Les bergers n’ont pas seulement leur poésie, ils ont encore leurs danses, leur musique, leurs parures, leurs fêtes, leur architecture, s’il est permis de donner ce nom à des buissons, à des bosquets, à des côteaux. La simplicité, la douceur, la gaieté riante, en font toujours le caractere fondamental ; & s’il est vrai que dans tous les tems les connoisseurs ont pû juger de tous les arts par un seul ; ou même, comme l’a dit Séneque, de tous les arts par la maniere dont une table est servie, les fruits vermeils, les châtaignes, le lait caillé, & les lits de feuillages dont Tityre veut se faire honneur auprès de Mœlibée, doivent nous donner une juste idée des danses, des chansons, des fêtes des bergers, aussi bien que de leur poésie.

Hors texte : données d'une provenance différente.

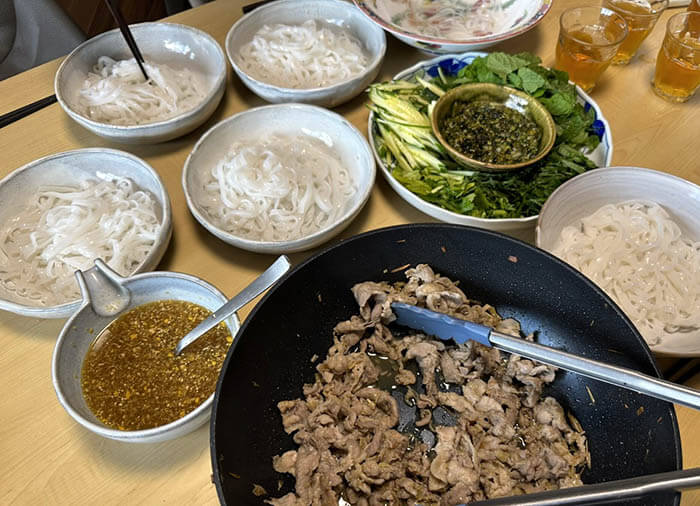 ベトナム風冷麺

Si la poésie pastorale est née parmi les bergers, elle doit être un des plus anciens genres de poésie, la profession de berger étant la plus naturelle à l’homme, & la premiere qu’il ait exercée. Il est aise de penser que les premiers hommes se trouvant maitres paisibles d’une terre qui leur offroit en abondance tout ce qui pouvoit suffire à leurs besoins & flatter leur goût, songerent à en marquer leur reconnoissance au souverain bienfaiteur ; & que dans leur enthousiasme ils intéresserent à leurs sentimens les fleuves, les prairies, les montagnes, les bois, & tout ce qui les environnoit. Bientôt après avoir chanté la reconnoissance, ils célébrerent la tranquillité & le bonheur de leur état ; & c’est précisément la matiere de la poésie pastorale, l’homme heureux : il ne fallut qu’un pas pour y arriver.

Il y avoit donc eu avant Théocrite des chansons pastorales, des descriptions, des récits mis en vers, des combats poétiques qui, sans doute, avoient été célebres dans leur tems ; mais comme il survint d’autres ouvrages plus parfaits, on oublia ceux qui avoient précédé, & on prit les chefs-d’œuvre nouveaux pour une époque au-delà de laquelle il ne falloit pas se donner la peine de remonter. C’est ainsi qu’Homere fut censé le pere de l’épopée, Eschyle de la tragédie, Esope de l’apologue, Pindare de la poésie lyrique, & Théocrite de la poésie pastorale. D’ailleurs on s’est plu à voir naître celle-ci sur les bords de l’Anapus, dans les vallées d’Elore, où se jouent les zéphirs, où la scene est toujours verdoyante & l’air rafraîchi par le voisinage de la mer. Quel berceau plus digne de la muse pastorale, dont le caractere est si doux !

Théocrite dont nous venons de parler, naquit à Syracuse, & vécut environ 260 ans avant J. C. Il a peint dans ses idylles la nature naïve & gracieuse. On pourroit regarder ses ouvrages comme la bibliotheque des bergers, s’il leur étoit permis d’en avoir une. On y trouve recueillis une infinité de traits, dont on peut former les plus beaux caracteres de la bergerie. Il est vrai qu’il y en a aussi quelques-uns qui auroient pu être plus délicats ; qu’il y en a d’autres dont la simplicité nous paroît trop peu assaisonnée ; mais dans la plûpart il y a une douceur, une mollesse à laquelle aucun de ses successeurs n’a pu atteindre. Ils ont été réduits à le copier presque littéralement, n’ayant pas assez de génie pour l’imiter. On pourroit comparer ses tableaux à ces fruits d’une maturité exquise, servis avec toute la fraîcheur du matin, & ce léger coloris que semble y laisser la rosée. La versification de ce poëte est admirable, pleine de feu, d’images, & sur-tout d’une mélodie qui lui donne une supériorité incontestable sur tous les autres.